Gotti, who ascended to the head of the Gambino crime family after arranging the murder of Paul Castellano outside Sparks’ Steakhouse in 1985, managed to avoid conviction of multiple criminal acts, mostly through bribery and witness tampering, was done in when he was “ratted out,” by Sammy “the Bull” Gravano, at his trial for the murder of Castellano. He was finally convicted and died in prison at the age of 61 in 2002.
Trump is continuously portrayed in the press as “in legal peril,” currently due to, not only James’ investigation, but the concurrent, although seemingly moribund Manhattan DA’s examination of possible criminal charges based on the same set of facts that James is reviewing. Not to mention the Atlanta Grand Jury’s probe of Trump’s now infamous phone call to Georgia Secretary of State Brad Raffensperger to “find 11,780 votes, which is one more than we have, because we won this state.” And then there is the little matter of Trump’s role in undermining the electoral process through the proposed use of illegal slates of electors in disputed states and his incitement of the January 6 riot, which was, let’s call it accurately: an insurrection intended to overturn a duly held election solely to retain his position of aspiring autocrat.
Trump must at least be sweating, given his change of opinion on a strategic use of the Fifth in his deposition. He also can’t be happy about the FBI raid on his sacred domain, Mar-a-Lago, apparently in connection with his likely illegal retention of classified presidential records. And, as icing on the cake, a federal appeals panel ordered him to give up his tax returns to a Congressional panel, a move he has resisted, as much because of possible illegalities they may show as the potentially embarassing possibility that they reveal he is not as wealthy as he claims.

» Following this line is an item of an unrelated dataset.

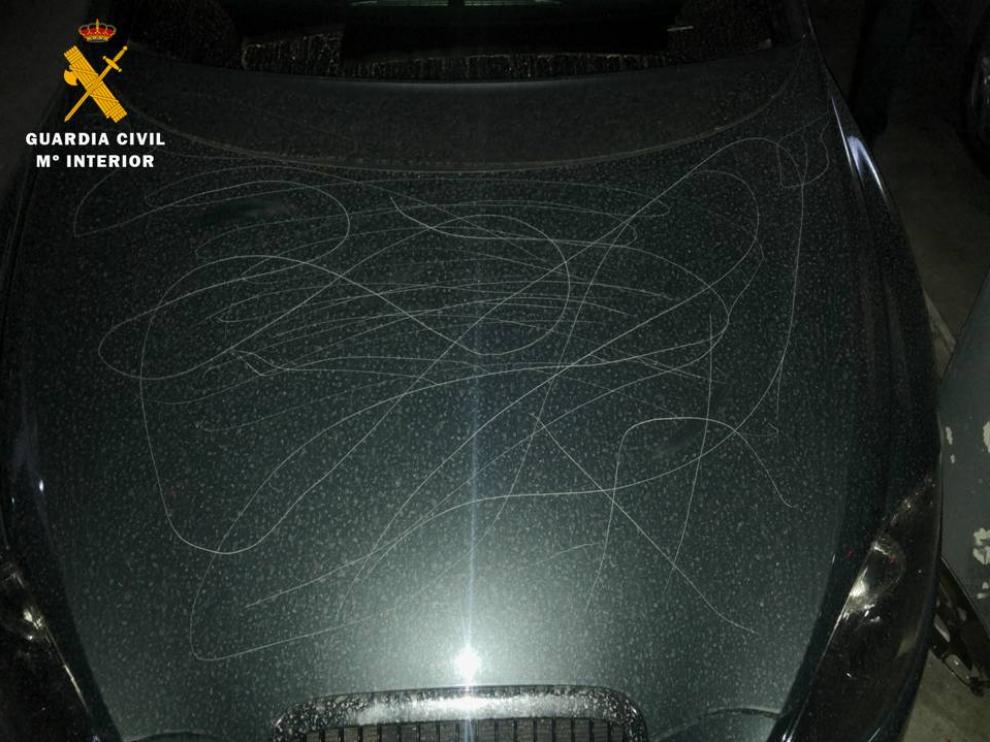 El condenado rayó todo el coche con un destornillador.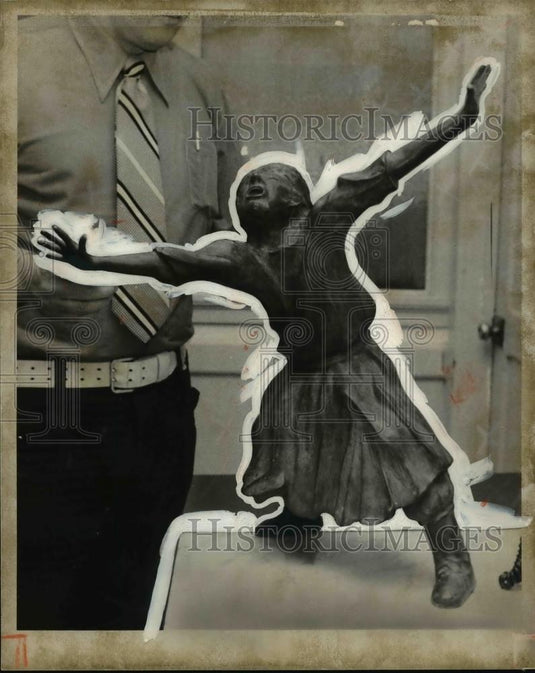 1974 Press Photo 150-pound bronze statue of Helen Keler, stolen then recovered - Historic Images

But, with each effort to bring him to justice (he is sure to forever hold the presidential record of being impeached twice), Trump only gets bolder. Despite the damning testimony before the House January 6 Commission of a man desperate to hold onto power by any means, and utter incompetence (or indifference) for his failure to act for 187 minutes during the Capitol siege, Trump expertly plays the victim of “the greatest political witch hunt in history.” He fails to see the hypocrisy in this claim as he constantly harped on his own Justice Department’s failure to criminally investigate Hillary Clinton, Obama and Biden.
One can only imagine a future Trump Administration and a Republican Congress with House Speaker Kevin McCarthy (“Attorney General Garland, preserve your documents and clear your calendar”). It took a fellow creep like Sammy the Bull to finally bring the original Teflon Don down. Who will finally cause Trump’s undoing? His former consigliere, Michael Cohen, failed to do so, and it is not likely to be Trump’s loyal accountant, Allen H. Weisselberg, who faces his own extant tax charges, but so far has proven as loyal to his boss as Capone’s accountant, Jake “Greasy Thumb” Guzik, was to him.
But, sooner or later, the law surely will catch up with Trump in one way or another. As FBI New York office assistant director James Fox, said at the time about Gotti’s conviction: “[t]he don is covered in Velcro, and every charge stuck.” When it happens, we can also hope that Trump’s Velcro stripes will make him look thinner.